EXERCISE GOAL
Give again, exactly as written, each line of the material below starting at the line that contains "Coin Purse Keychain" and ending at the line that contains "Tariquet Premieres Grives...". Both ends count, and no other line does.

DATA SHOWN

---

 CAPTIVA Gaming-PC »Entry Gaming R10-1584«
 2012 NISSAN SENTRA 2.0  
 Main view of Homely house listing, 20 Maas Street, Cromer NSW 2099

---

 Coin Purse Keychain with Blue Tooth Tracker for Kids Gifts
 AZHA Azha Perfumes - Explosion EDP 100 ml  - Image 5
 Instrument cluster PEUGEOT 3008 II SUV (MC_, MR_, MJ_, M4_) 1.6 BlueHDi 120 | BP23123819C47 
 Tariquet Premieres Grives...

---

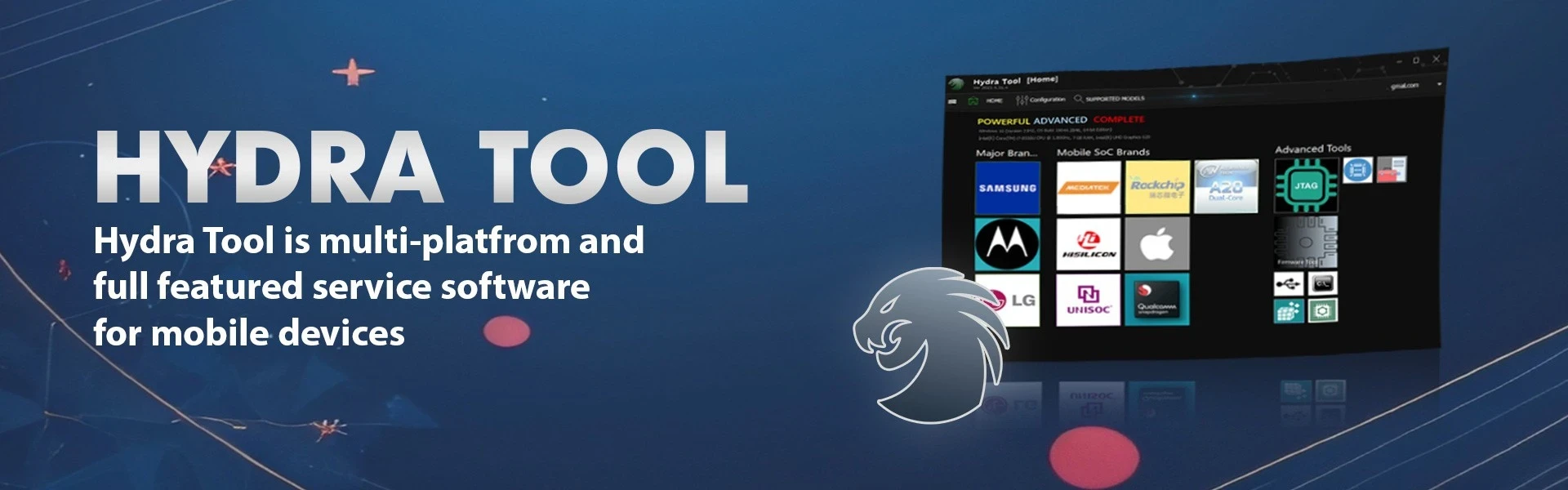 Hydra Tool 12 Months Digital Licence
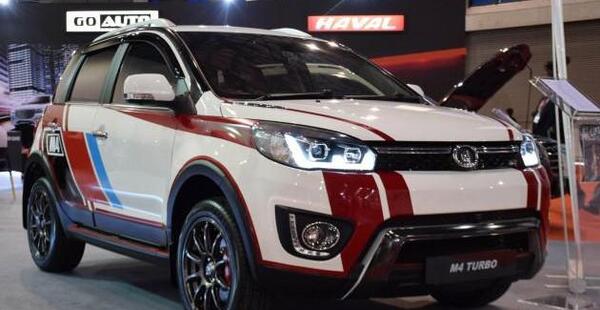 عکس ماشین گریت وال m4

---

EXERCISE OUTPUT
 Coin Purse Keychain with Blue Tooth Tracker for Kids Gifts
 AZHA Azha Perfumes - Explosion EDP 100 ml  - Image 5
 Instrument cluster PEUGEOT 3008 II SUV (MC_, MR_, MJ_, M4_) 1.6 BlueHDi 120 | BP23123819C47 
 Tariquet Premieres Grives...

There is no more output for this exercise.